- Requirement -
Only lines containing "table" belong in the answer, each copied from the entries below.

- Given data -
------------------------
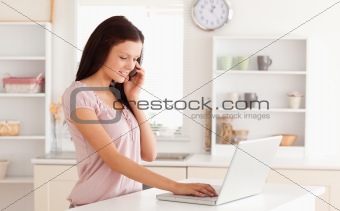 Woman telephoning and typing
------------------------
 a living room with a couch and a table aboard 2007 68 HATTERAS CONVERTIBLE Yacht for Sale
------------------------
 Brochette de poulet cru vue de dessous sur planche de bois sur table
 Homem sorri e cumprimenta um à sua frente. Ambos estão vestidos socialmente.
------------------------
- Answer space -
 a living room with a couch and a table aboard 2007 68 HATTERAS CONVERTIBLE Yacht for Sale
 Brochette de poulet cru vue de dessous sur planche de bois sur table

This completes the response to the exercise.